Es ist daher klar, dass diese Meinung völlig unvernünftig ist: und folglich müssen wir mit anderen sagen, dass die lässliche Sünde in einem, der im Stand der Gnade stirbt, nach diesem Leben durch das Feuer des Fegefeuers vergeben wird: weil diese Strafe, insofern sie freiwillig ist, kraft der Gnade die Macht haben wird, alle solche Schuld zu sühnen, die mit der Gnade vereinbar ist. [*St. Thomas drückt sich anders aus, De Malo, Frage [7], Artikel [2], ad 9,17: „Schuld wird nicht durch Strafe vergeben, aber lässliche Sünde wird hinsichtlich ihrer Schuld im Fegefeuer kraft der Gnade vergeben, nicht nur als im Habitus existierend, sondern auch als zum Akt der Liebe in Verabscheuung der lässlichen Sünde fortschreitend.“]
Antwort auf den 1. Einwand: Die Glosse bezieht sich auf die Todsünde. Oder es kann geantwortet werden, dass, obwohl sie in diesem Leben nicht in sich selbst gebessert wird, sie in den Verdiensten gebessert wird, weil ein Mensch hier verdient hat, dass seine Bestrafung dort für ihn verdienstlich sein sollte.
Antwort auf den 2. Einwand: Die lässliche Sünde entsteht aus der Verderbnis des Zunders [fomes], der nicht mehr in der getrennten Seele sein wird, die im Fegefeuer ist, weshalb diese Seele nicht lässlich sündigen kann. Andererseits geht der Erlass der lässlichen Sünde vom Willen aus, der durch die Gnade geformt ist, welcher in der getrennten Seele im Fegefeuer sein wird. Daher hinkt der Vergleich.

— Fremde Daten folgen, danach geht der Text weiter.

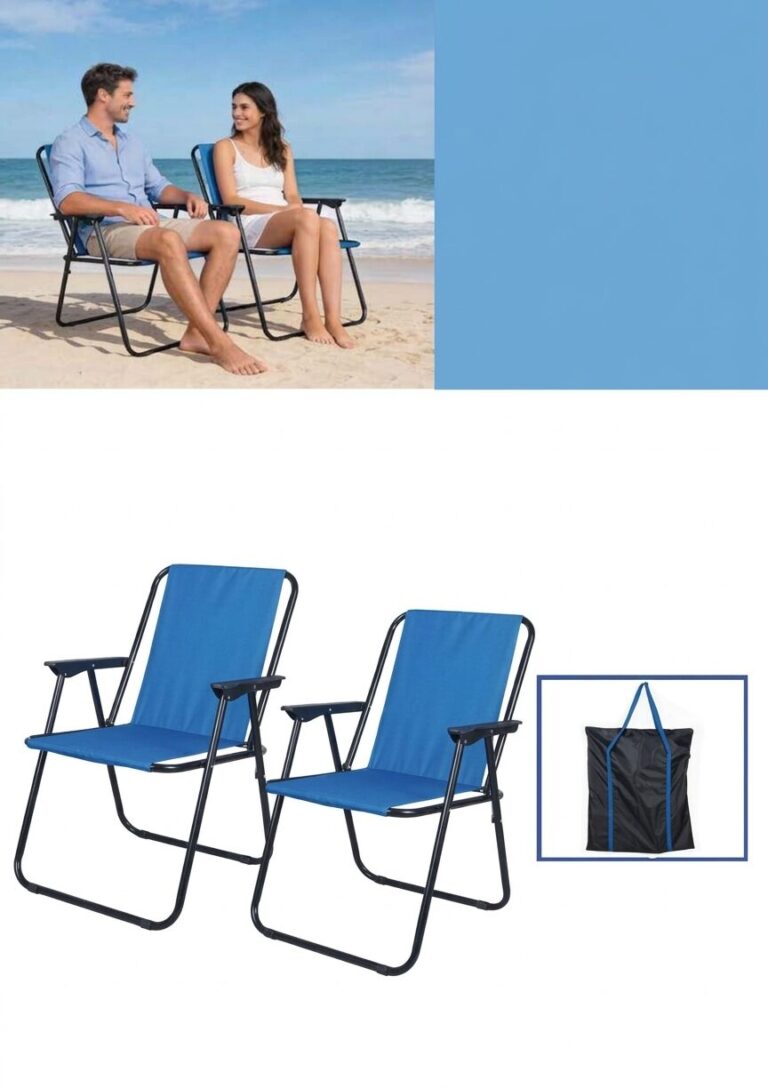 זוג כיסאות פיקניק וחוף עם תיק נשיאה, סט כיסאות מתקפל ונוח במיוחד לנשיאה, אידאלי לים, לפיקניק ולטיולים וכמובן לגינה בבית. קיים ב- 3 צבעים: אדום, כחול וירוק
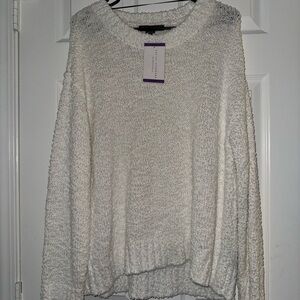 Cozy White Crew Neck Sweater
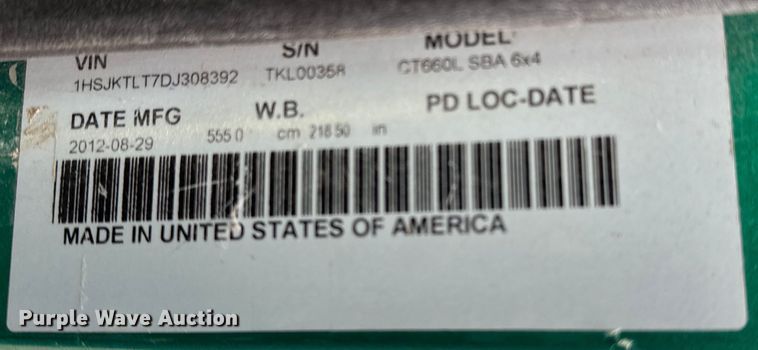 image for item DJ6246 2013 Caterpillar  CT660L semi truck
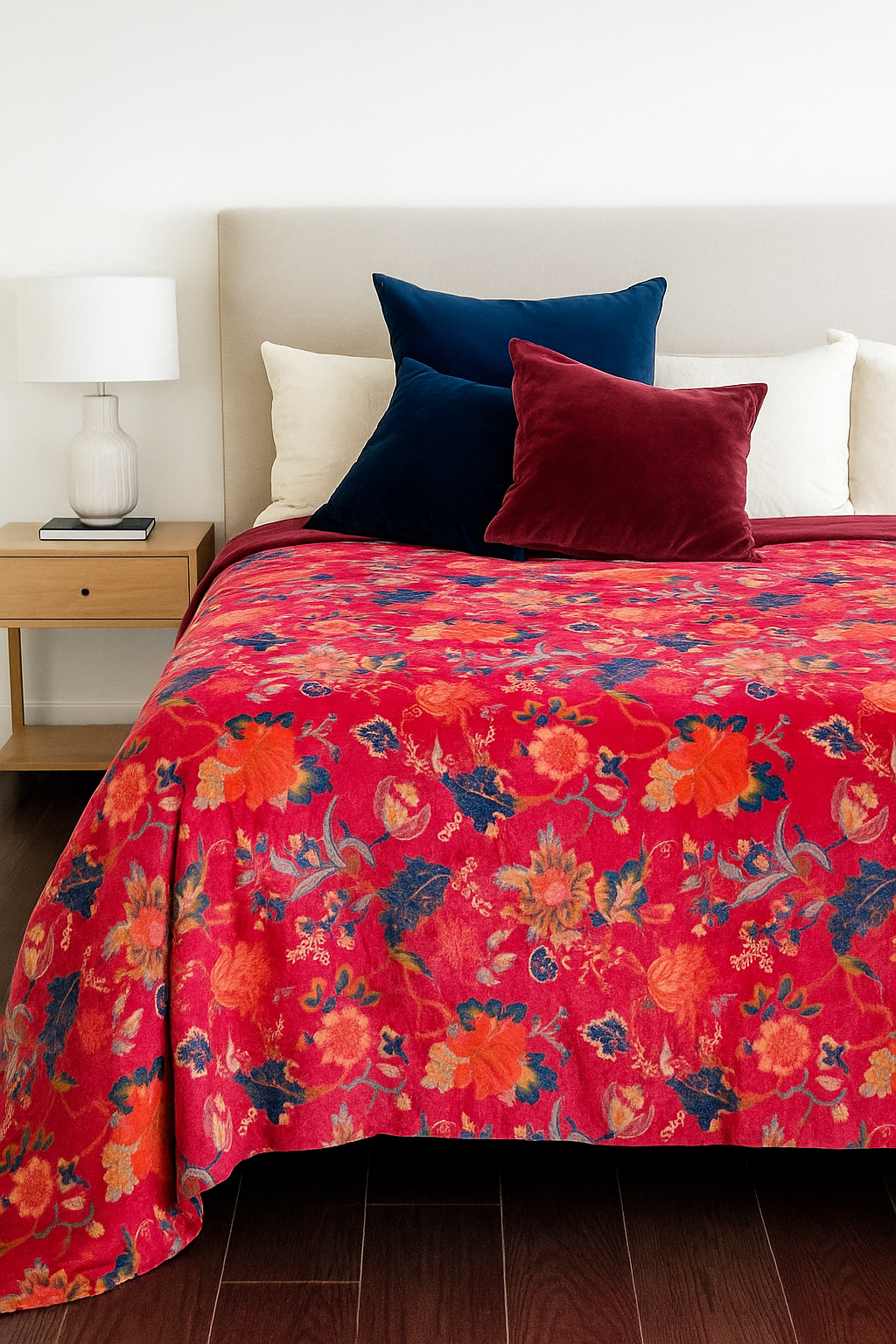 Velvet Bloom Luxe Quilt - Crimson Carnival Handcrafted Bedding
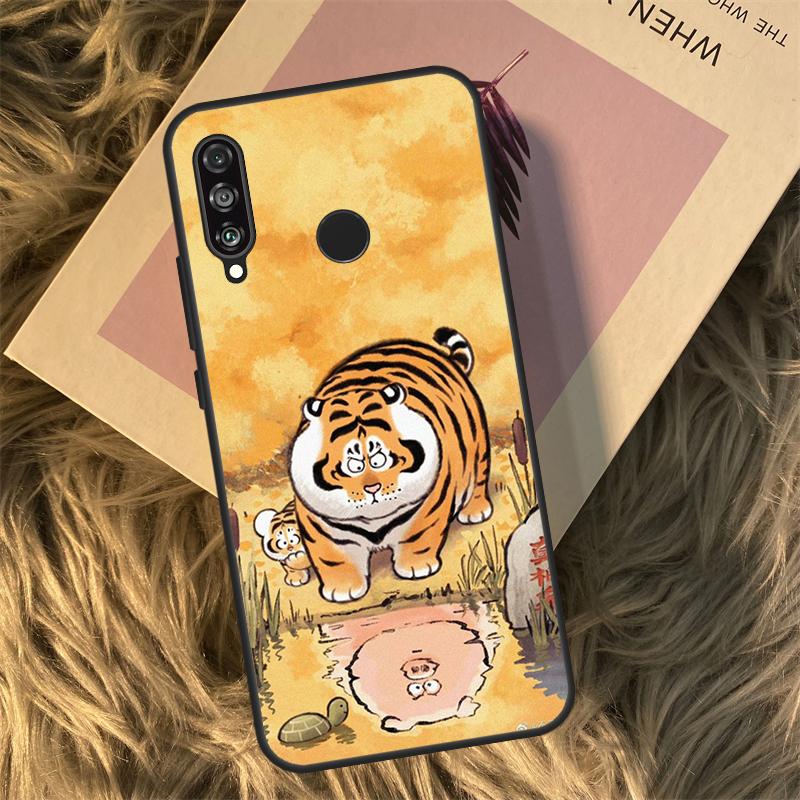 Cartoon Fat Tiger For Huawei Nova Y90 Y60 Y61 Y70 Y72 Y73 Y91 3i 7i 8i 11i 12i 9 10 SE P20 P30 P40 Lite Case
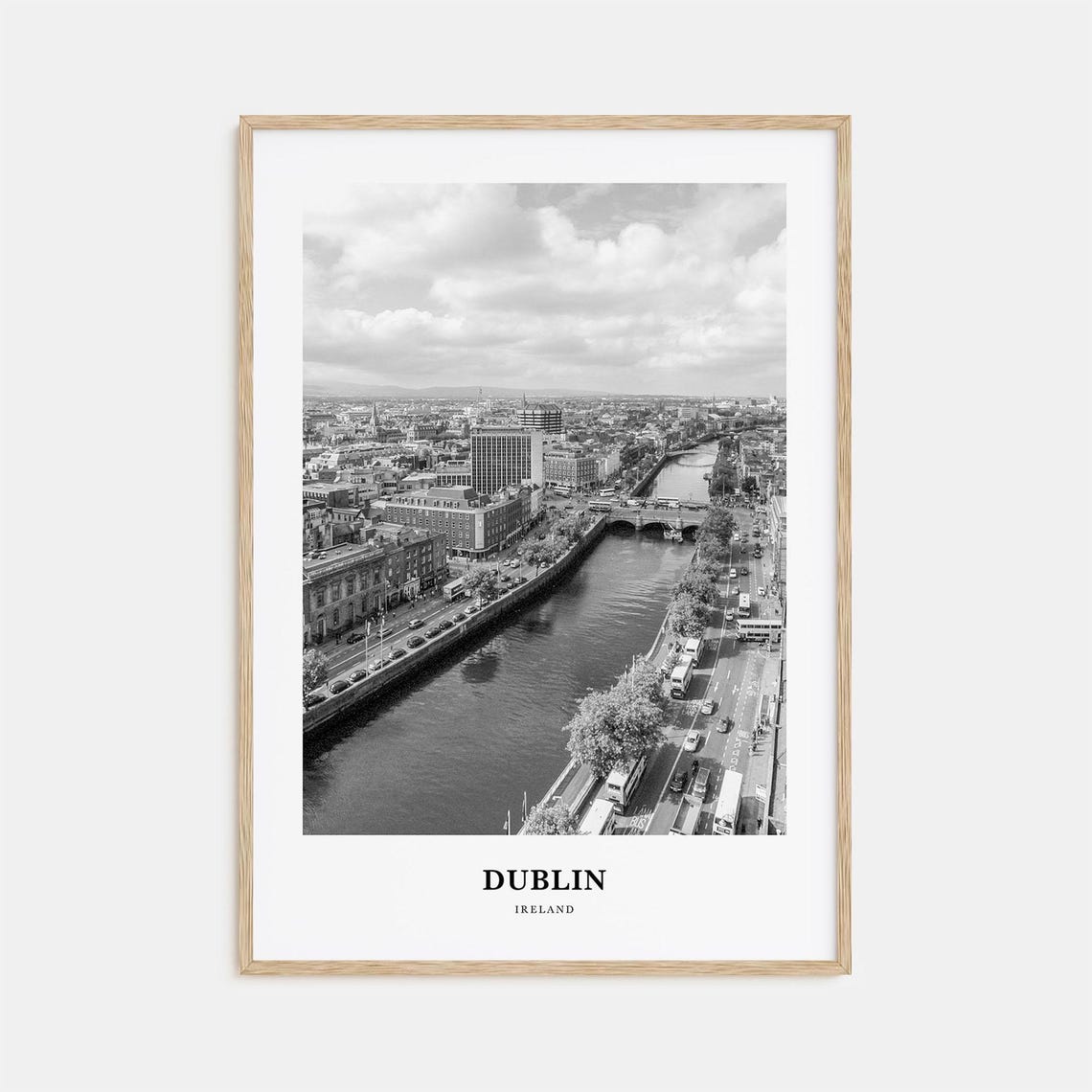 Dublin Ireland River Liffey and Bridges Black and White Poster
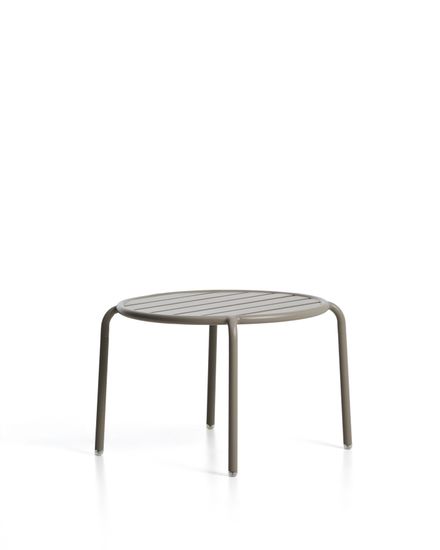 Уличный журнальный столик Joncols из алюминия с бежевой отделкой Ø 60 см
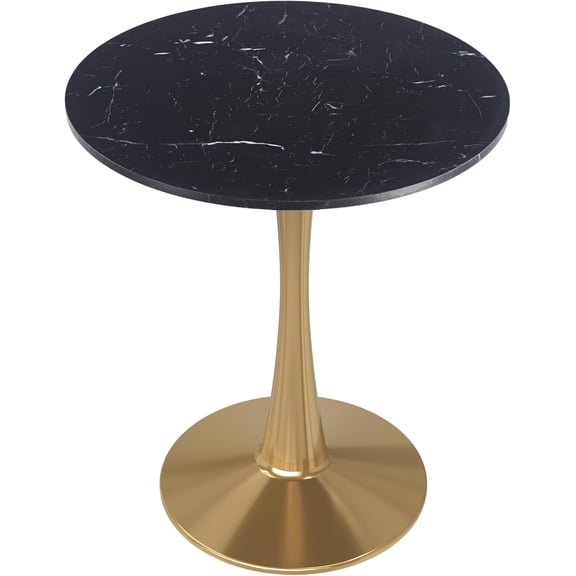 LeisureMod Bristol Bistro Table 24 Inch Round Marble Look Top, Modern Pedestal Table for Kitchen, Small Dining Area, Café & Apartment, Sturdy Metal Base, Marbled Black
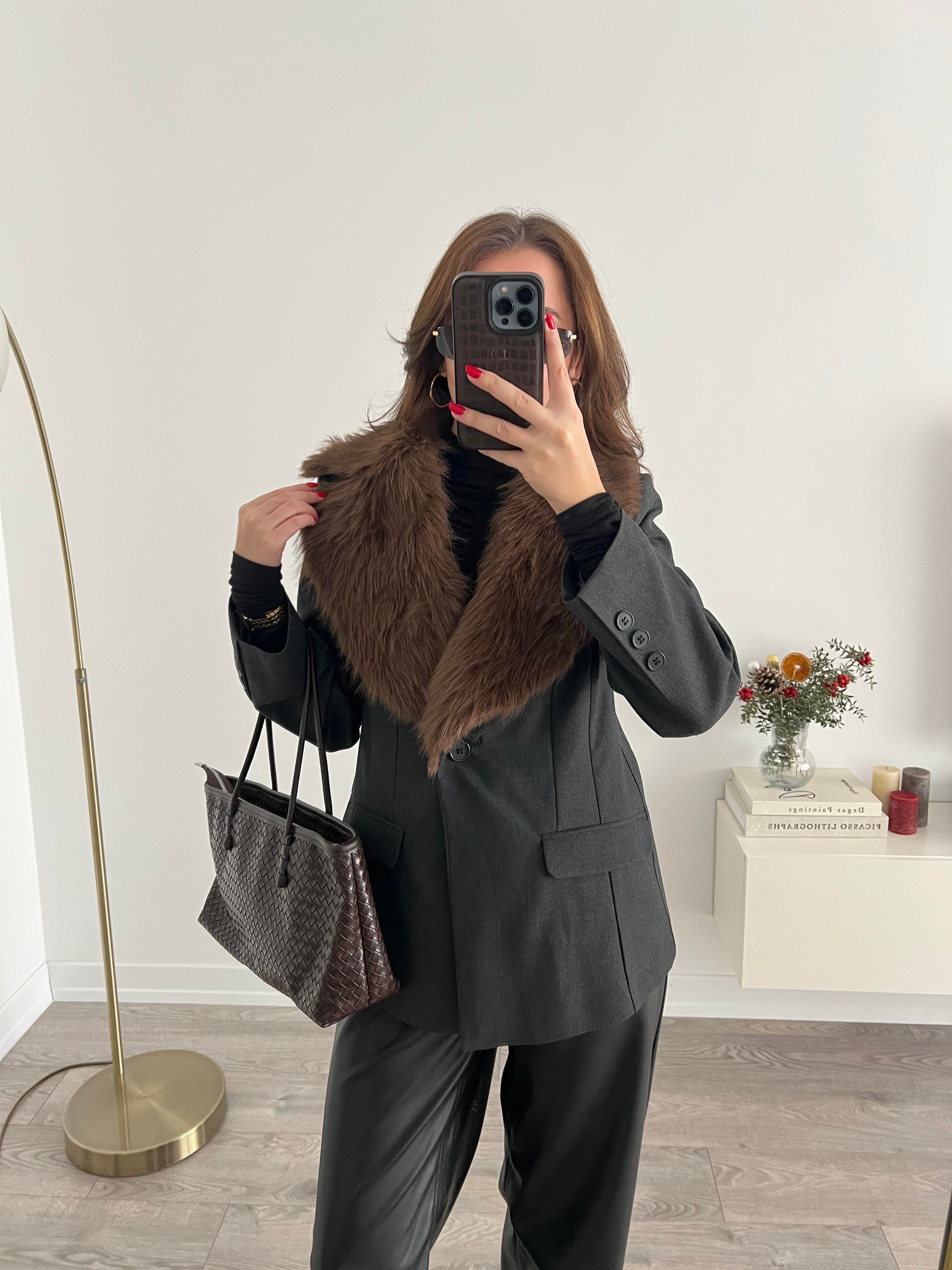 ZR Kürklü Antrasit Blazer Ceket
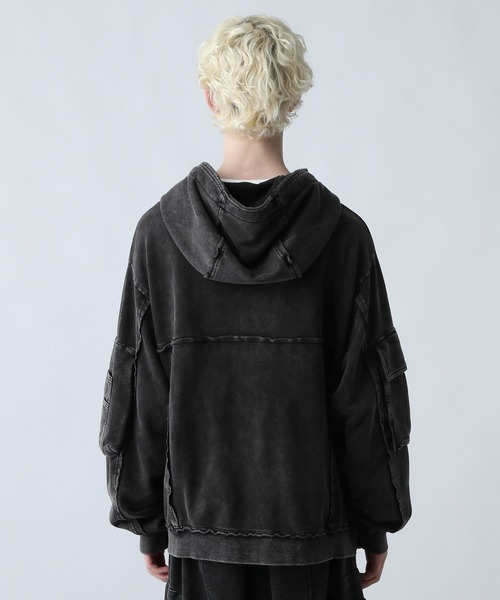 SET UP対応】ピグメントダブルポケットZIPパーカー(HARE)（パーカー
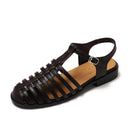 Women's square-toe retro sandals, new summer style, fashionable chunky heel, woven Roman style, J017-1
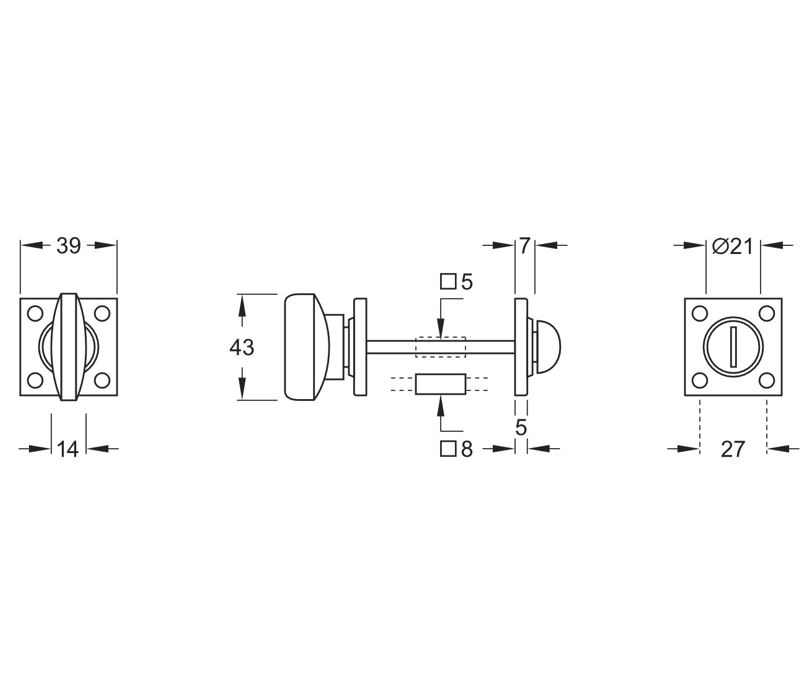 WC-Sluiting 5-8 mm Vierkant messing antiek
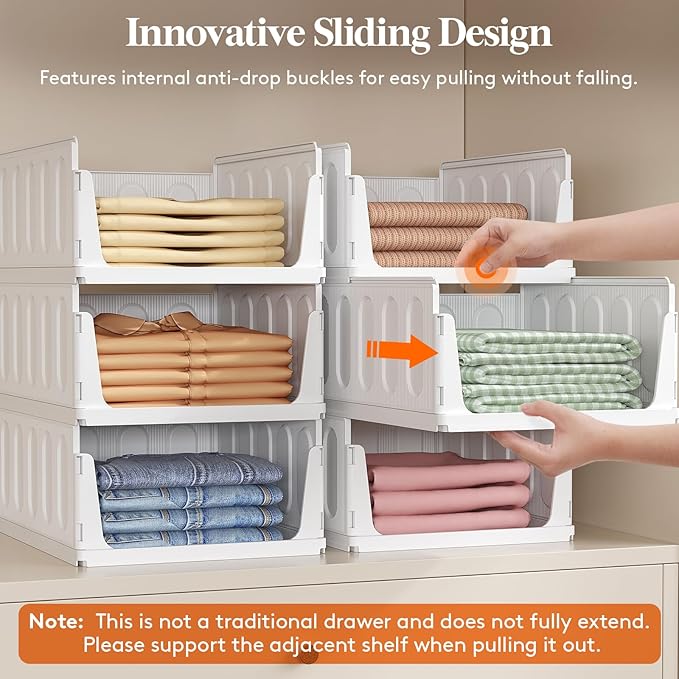 Lifewit 20 Pack Stackable Closet Organizers and Storage Basket for Clothes, Plastic Sweater Storage Bins for Wardrobe, Multifunctional Pants Organizer for RV, Pantry, Bathroom, Kitchen, Dorm, 24L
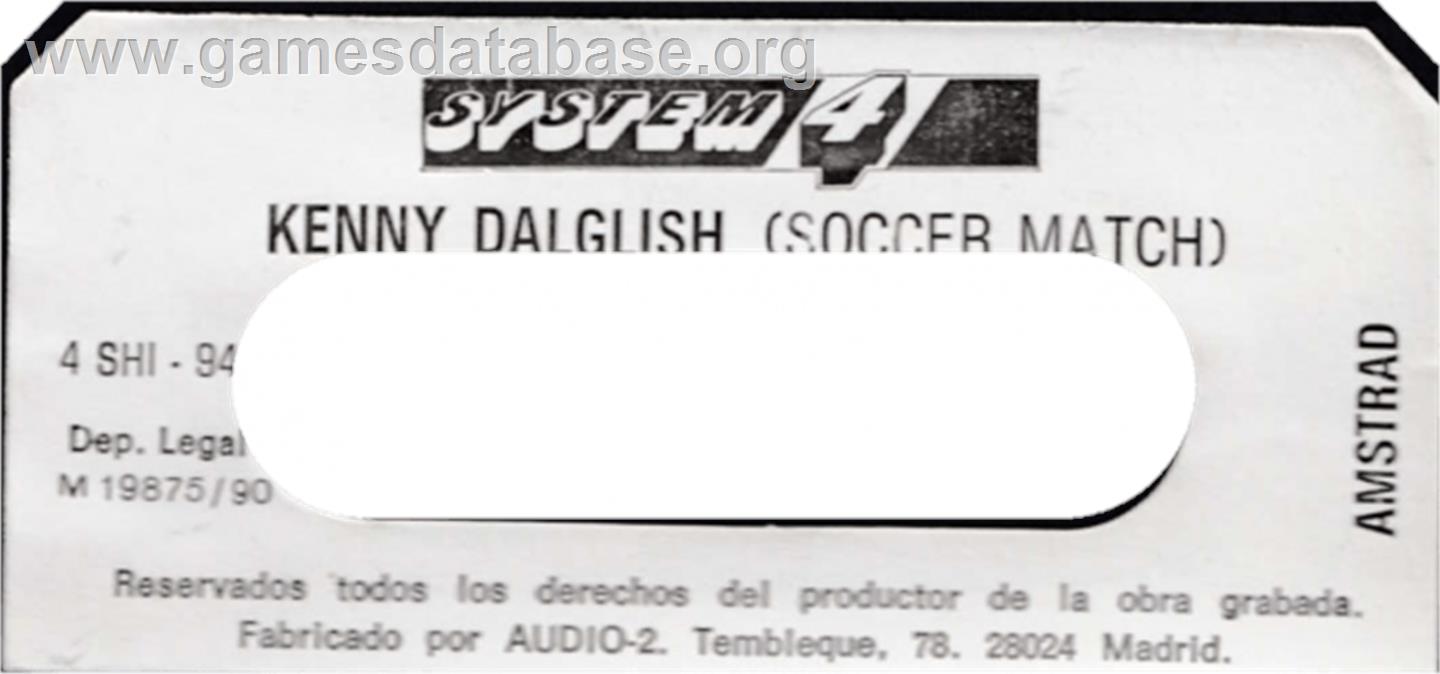 Kenny Dalglish Soccer Match - Amstrad CPC - Artwork - Cartridge Top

Antwort auf den 3. Einwand: Lässliche Sünden ändern den Zustand eines Menschen nicht, denn sie zerstören oder vermindern weder die Liebe [caritas], nach der das Maß der gnadenhaften Güte der Seele bemessen wird. Daher bleibt die Seele so, wie sie zuvor war, ungeachtet des Erlasses oder der Begehung lässlicher Sünden.
Antwort auf den 4. Einwand: Nach diesem Leben kann es kein Verdienst hinsichtlich des wesentlichen Lohnes geben, aber es kann eines hinsichtlich eines akzidentellen Lohnes geben, solange der Mensch in gewissem Sinne im Stand des Pilgers verbleibt. Folglich kann es im Fegefeuer einen verdienstlichen Akt hinsichtlich des Erlasses der lässlichen Sünde geben.
Antwort auf den 5. Einwand: Obwohl die lässliche Sünde aus der Neigung des Zunders [fomes] entsteht, resultiert die Sünde im Geist; weshalb, selbst wenn der Zunder nicht mehr ist, die Sünde noch verbleiben kann.